Does my house look good in this?
Winter can be the perfect time to sell – as long as your home presents well at that time of year, Costello says.
“If your house is cold or damp or faces the wrong way, then it might be better to wait until spring or summer,” he says. “But if it looks good in winter, particularly on those magnificent sunny days, then that can be the best time to sell.
“You might have too many windows facing west, for example, which can be a problem in summer, but in winter, that can be a definite advantage.”
Christian Payne of southern Sydney’s Payne Pacific Real Estate is currently selling one home that has a beautiful wood-fire stove as the centrepiece of its lounge room. “That looks so good on a winter’s afternoon during an inspection, but it may not have the same impact in spring,” he says.
“Your house may also have some great nooks and spaces that you can highlight well in the colder months to look cosy and welcoming, and have real emotional appeal.
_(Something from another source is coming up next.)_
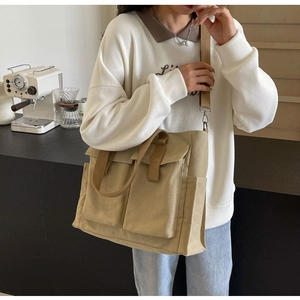 Detailed view of beige canvas tote bag with multi-pockets and functional dual handles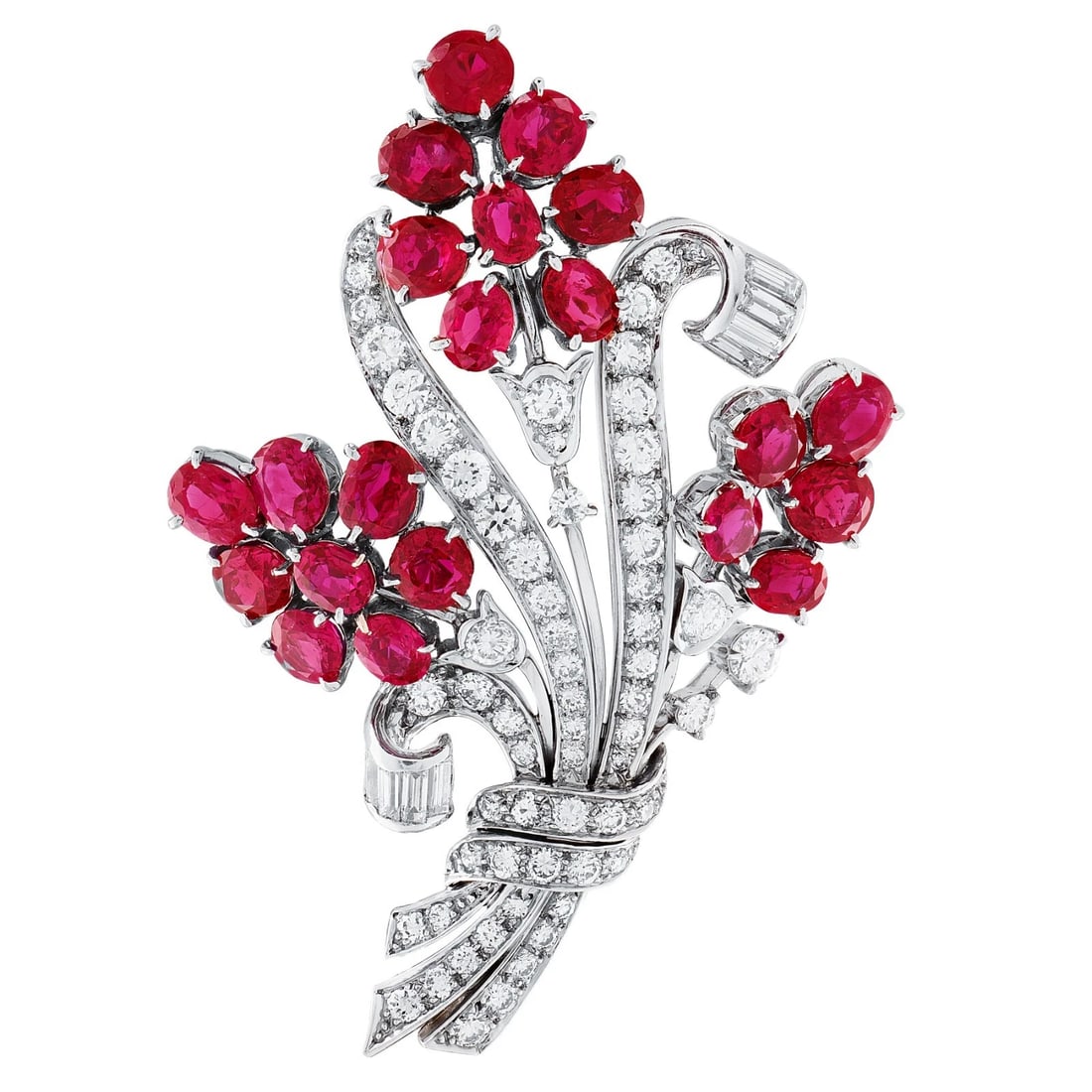 18K WHITE GOLD DIAMOND AND RUBY FLORAL BROOCH 10.60CTTW: 18K White Gold Diamond and Ruby Floral Brooch. Decorated as a floral brooch consisting of: diamonds of H-I color and VS2-SI1 clarity. (round brilliant, marquise, and baguette cut). CTTW: 6.55ct Settin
But if you have a garden-style or harbour-front property or have a lot of attention on indoor-outdoor entertaining areas, and maybe with a pool, it might be good to wait until the warmer months.”
But, by the same token, your home may have great views in winter, when the leaves from the trees in front are gone, and you can see the harbour, a river or a park, says Laing. In the summer, those leaves might block both the views and the light.
What’s happening in the area?
In the suburb in which you’re selling or buying, there might be a shortage of entry-level homes this winter, or a lack of higher-end choices. Those factors can easily trump the seasons, Payne says, if the home you’re selling matches the criteria of lack of supply.
Buyers should also carefully check listings for different locations, Gordon recommends. There might be more first-home-buyer stock in a neighbouring suburb that could offer more choice, and then a lower price.